Shedeur Sanders and Travis Hunter, meanwhile, received their flowers from the program before they were even selected in the 2025 NFL draft.

Despite being just months removed from their Colorado careers (in which the Buffaloes went 13–12 with a 9–4 record in '25), the two players had their jerseys retired during Colorado's spring game on Saturday, much to the chagrin of many around college football.

Even as older Buffaloes with stronger jersey retirement résumés wait to be honored, Coach Prime pushed ahead with the plans to honor his son Shedeur and Hunter, who did have one of the most remarkable individual seasons in college football history as a two-way player and Heisman winner. On Saturday, he cited the McCartney situation while asking a simple question about honoring the program's legends: "Why we wait?"

"I give you your flowers now, I'm not going to wait 20 years down the street, then bring you back when you're limping, you can barely walk or some tragedy happens, to recognize your greatness and what you contributed to this program," Sanders said during his press conference after the spring game.

"I'm trying not to get in trouble with what I'm about to say, but why we wait, man? Why we wait? Wouldn't we have wanted [McCartney] to see, to be involved in it? To feel it? To feel the love, the respect the appreciation. Why we wait? ... He can't enjoy that right now."

Sanders added the case of Colorado Heisman winner Rashaan Salaam, who died by suicide in 2016. Colorado retired his jersey the following year.

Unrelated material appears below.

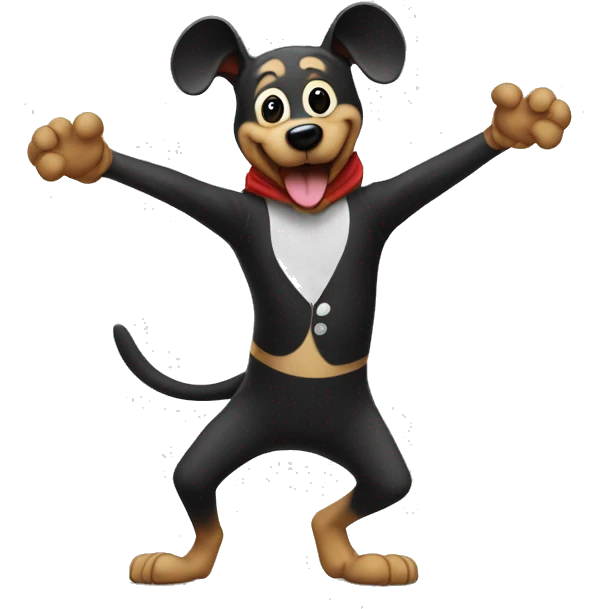 Dog wearing a Mickey Mouse costume doing a hand stand emoji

"The same thing with Rashaan Salaam, right? How long did we wait? … How many years after his death?” When he was informed that it happened the following year, he asked, "So we gotta die to get recognized?"

Sanders believes his decision is a reflection of the reality of the current world, where immediate gratification is the expectation.

“We're a now generation. You guys are now people, this is a now time, and those guys deserve what they deserve right now, so I'm proud of them" Sanders said.

"Everything y’all want, you want it right now. And you go get it right now. You don’t wait for nothing no more, do we?" Sanders continued minutes later. "We wanna go, we call Uber. We wanna eat, who we call? UberEats? Everything we get is right now. We want something, we order it off Amazon, right now. We ain’t in no waiting generation no more. That’s over. That’s a wrap on that.  Everybody in here's impatient. You’re downloading stuff right now putting it out, as I speak. This ain’t that no more. Let’s stop.”

Sanders and Hunter will now embark on their NFL careers, with both set to be drafted in Thursday's first round of the 2025 draft, and no need to wait at all to be recognized by their alma mater.